Thai Beef Salad

(Larb Nua)

 

 

This is intended to be rather spicy; so know your speed and build up from there (I remember a party at a restaurant where everyone thought this was a bit spicy, so a friend and I ate their portions, too; it solidified my love of the dish).

This can easily be made with ground chicken (larb gai), for a lighter fare, but try ground, or thinly sliced sirloin for a traditional version. Just make sure to use a very lean meat, remember, it is a salad.

 

 

1 # ground lean beef, or chicken

1/4 c fresh lime juice (for chicken use 3 T)

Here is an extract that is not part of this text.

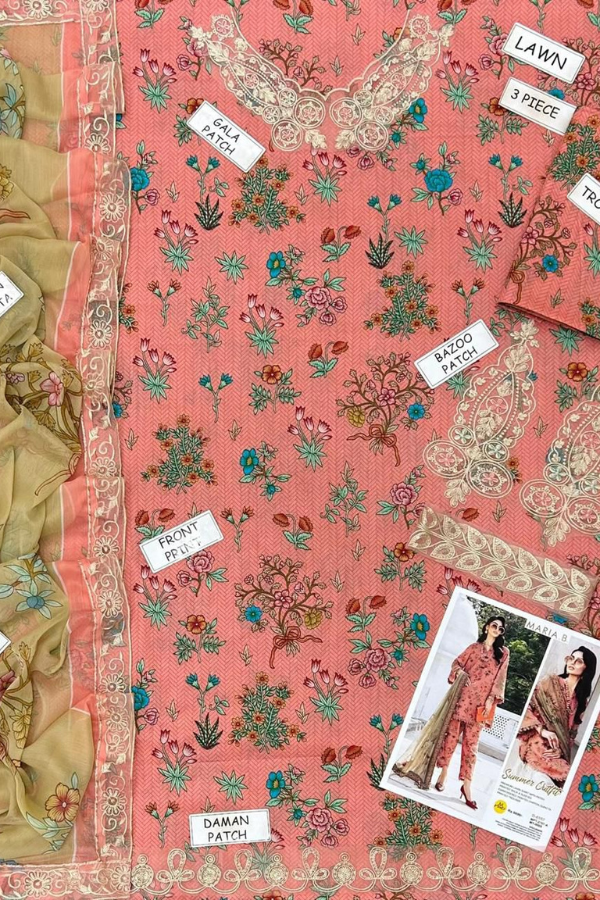 Maria B- Luxury Digital Printed Embroidered Lawn 3pc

1/2 sm. red onion, thinly sliced

2 T fish sauce

1 t sugar

1 t oil, peanut or vegetable

2 scallions, thinly sliced

2 T cilantro leaves, chopped

5 fresh jalapenos, seeded, deveined,

and thinly sliced (or 1/2 t cayenne powder)

2 T roasted rice powder, or substitute crushed

Grape Nuts (optional)

15-20 fresh mint leaves, coarsely chopped

lettuce leaves

 

 

Combine ground beef with, lime juice, red onion, fish sauce, and sugar.

Heat a wok on high, add the beef mixture, and cook until beef changes color, about 5 minutes. Remove from heat, and put in a mixing bowl. Add scallions, cilantro, jalapenos, rice powder, and mint; stir well.

Cool, and serve on a plate of lettuce leaves.